Among all the continuities highlighted, Graham’s fifth point stressed “one huge discontinuity”: Russia is no longer the dynamic core of Eurasia. “The greater truth is that for the first time in the modern period, Russia beyond its geopolitical space is surrounded by states and regions all of which are more dynamic than Russia is,” he said. From China to the Islamist movement, new actors have appeared on the scene. According to Graham, under the current stagnating economic conditions, Russia is unlikely to regain its energy.
Subsequently, he moved on to discuss how today’s Russia represents a “manageable challenge” for the U.S. as a declining revisionist power. Graham suggested that to deal with this challenge Europe and the U.S. should first fix their domestic socio-economic and political problems first, in order to regain self-confidence and respect abroad.
Graham did not entirely dismiss the need for a military approach, but called for a more efficient allocation of spending and coordination with Europe. “I think it would be a big mistake to think that we need to spend a tremendous amount of money on military and defense purposes,” he said. Competent states and successful economies, history teaches, prove much more effective in stopping an aggressive Russia. In this respect, Ukraine is a top priority. The country will need to tame corruption, build an effective state, forge national consensus and repair its economy – something that, in Graham’s opinion, cannot be achieved while there is civil war in the country. He believes that the U.S. and Europe should be concentrating their efforts in building a durable ceasefire.
Graham also supported the need to levy sanctions, but in a moderate and careful fashion. Weakening Russia’s economy could go against U.S.’s long-term strategic interests, potentially fuelling anti-liberal and anti-democratic turns. Moreover, China, a strategic competitor of the U.S., could take advantage of the weakening of Russia. Most importantly, the sanctions have not proved successful in changing Russia’s behavior in Ukraine.

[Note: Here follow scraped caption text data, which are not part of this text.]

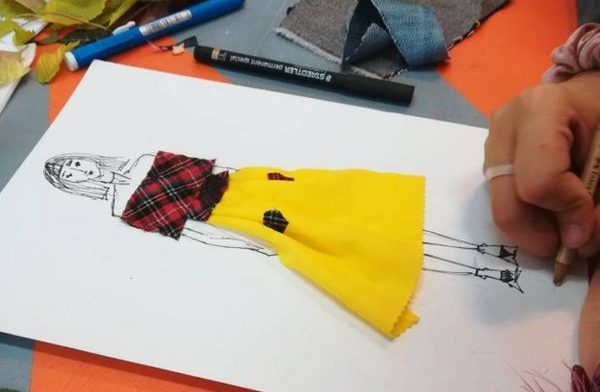 design vestimentar pentru copii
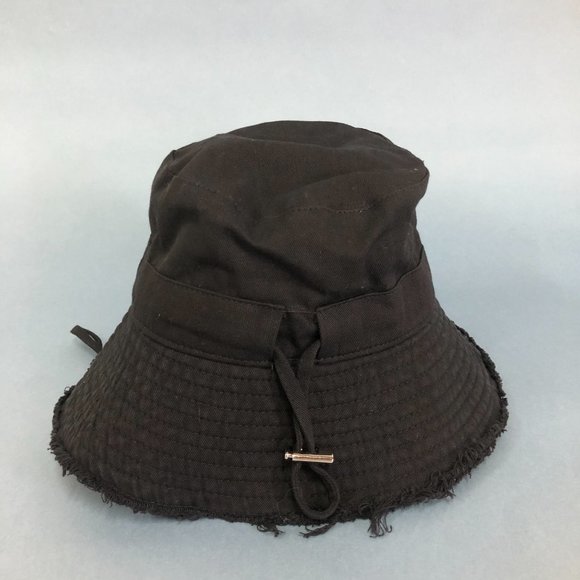 Jacquemus bucket hat  black - Picture 6 of 9
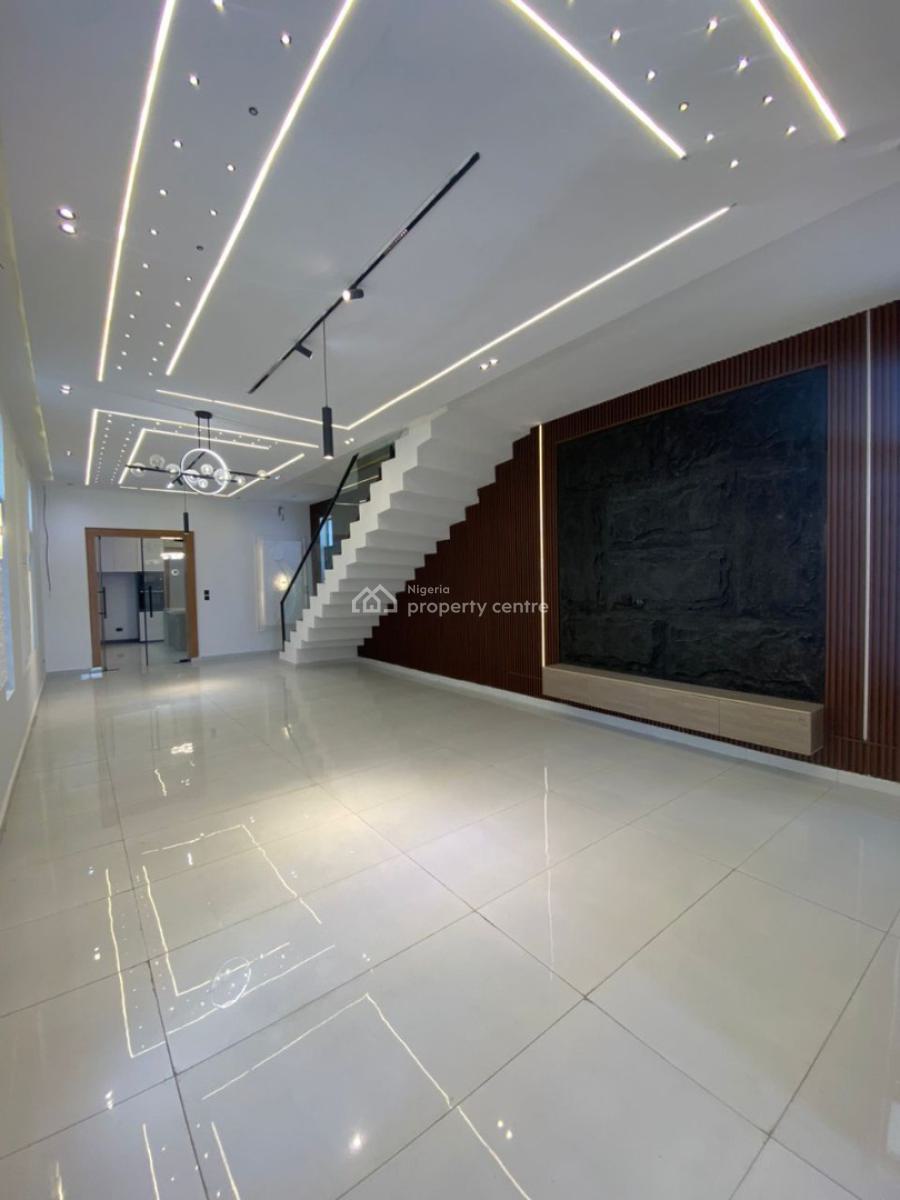 Luxury 5 Bedroom Fully Detached Duplex, Orchid Road, Lekki, Lagos, House for Sale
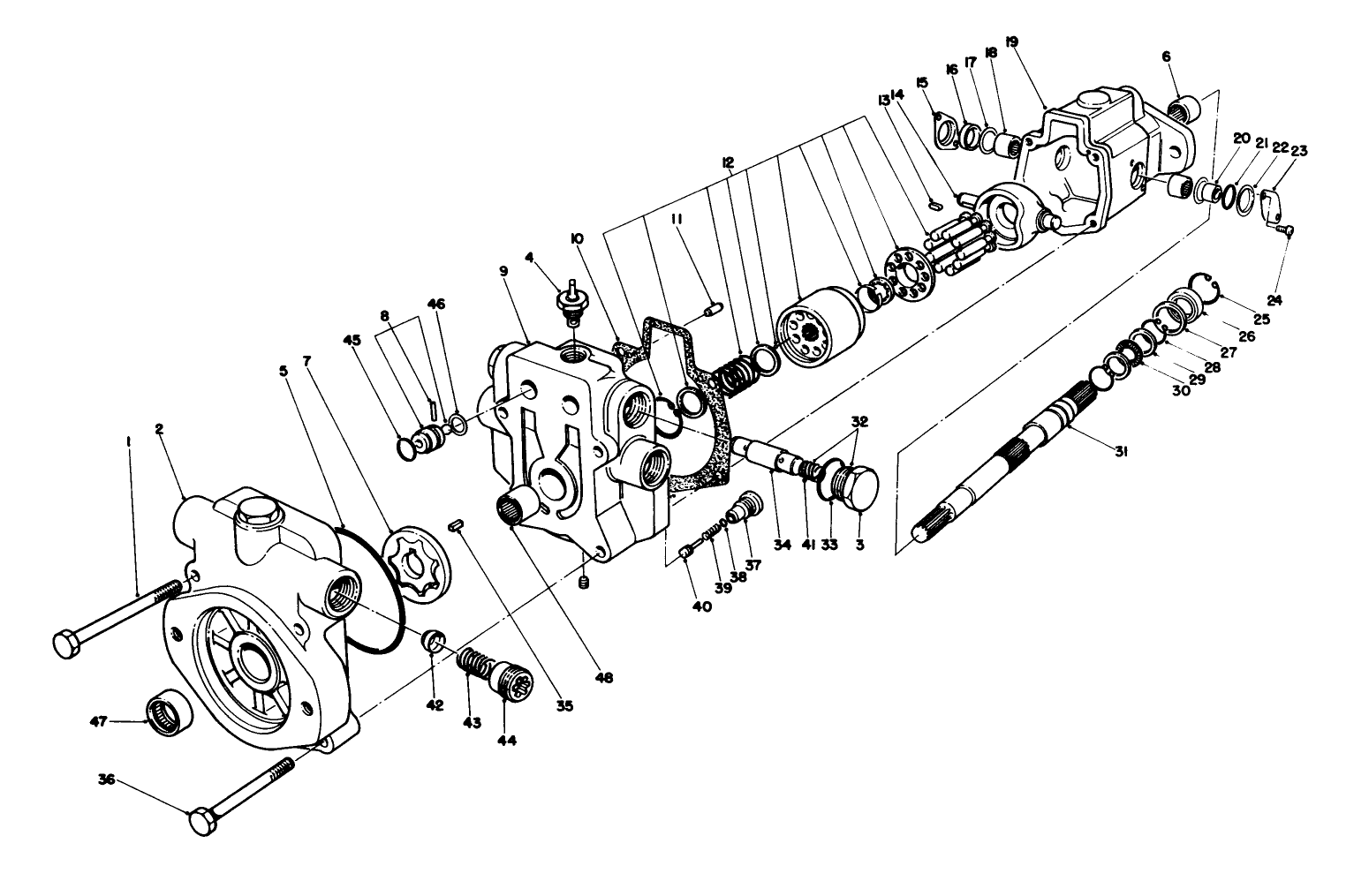 Piston Pump Assembly 58-5660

Graham stated that, if the U.S. wishes to achieve the goal of building a successful state of Ukraine, it will have to accommodate Russia, despite skepticism in Washington. “It’s simply too important of a power for it to be otherwise,” he said. Graham went back to history to show that this approach can prove successful, as it was in the context of the European great power diplomacy in the relatively peaceful 18th and 19th century. “It’s this type of diplomacy that we need to pursue in the next several years,” he concluded.
In the final part of the lecture, Graham answered questions from the audience on a variety of issues, touching upon the power of elites in the post-Soviet space, the militarization of the Baltics and Russia’s place in the BRICS. He also discussed the moral issues behind waging criticism against Russian exceptionalism vis-à-vis notions of American exceptionalism.